Since the start of 2011, for example, there have been 9,586 departures by directors disclosed by U.S. public companies, according to Audit Analytics, a research firm based in Sutton, Massachusetts. In 101 of them, or about 1 percent, the departing directors said they left because of disagreements with the companies. Andreas was the only one I found who warned about an audit matter that later forced a company to withdraw its financial statements.

All Quiet

Andreas didn’t return phone messages left with family members. Chuck Burgess, a spokesman for Overseas Shipholding at the public-relations firm Abernathy MacGregor Group Inc., declined to answer questions about the company’s accounting issues. Zimmerman, the company’s chairman, didn’t return phone calls.

It’s impossible to tell from the outside what went on behind the scenes. We don’t know how long Andreas or other board members were aware of the problem, or what the full range of Andreas’s motivations might have been.

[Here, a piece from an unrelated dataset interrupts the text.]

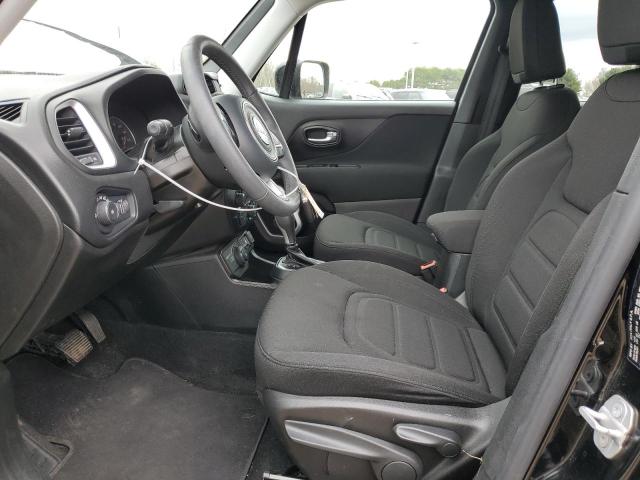  JEEP RENEGADE 2020 Czarny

That said, in the end he was right and forced the company to alert the public. Overseas Shipholding investors could have avoided significant losses by heeding his caution.

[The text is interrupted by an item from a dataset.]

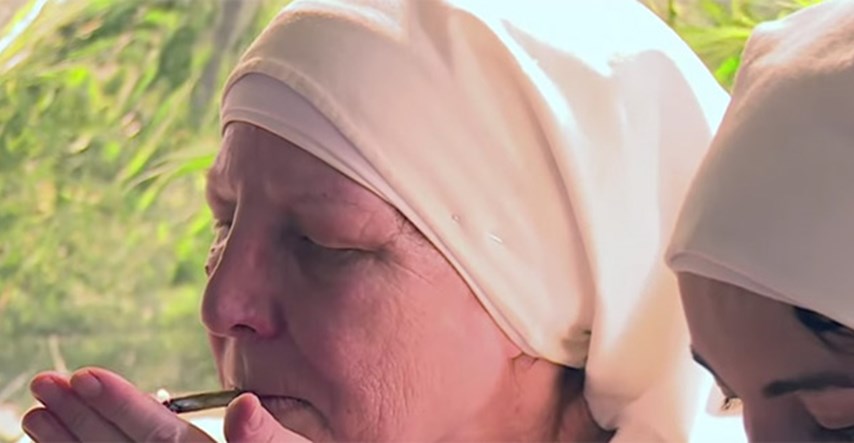 VIDEO Biznis redovnika diljem svijeta: Bog, alkohol i kanabis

A lawyer by training, Andreas is president of Galaco Capital, a private investment firm that manages his family’s money. He worked at three firms from 1999 to 2009, including the New York-based investment bank Allen & Co., where he was a vice president when he joined Overseas Shipholding’s board in 2004. His father, G. Allen Andreas Jr., is the chairman and chief executive officer of Galaco and the former chairman and CEO of agribusiness giant Archer-Daniels-Midland Co.

Here’s an idea: Now that President Barack Obama has won re- election, how about someone at the White House calling up the younger Andreas to see if he might be interested in an appointment to the Securities and Exchange Commission? Investors could use someone at the SEC with a record of being on their side. A Wall Street guy this honest can be hard to find.

(Jonathan Weil is a Bloomberg View columnist. The opinions expressed are his own.)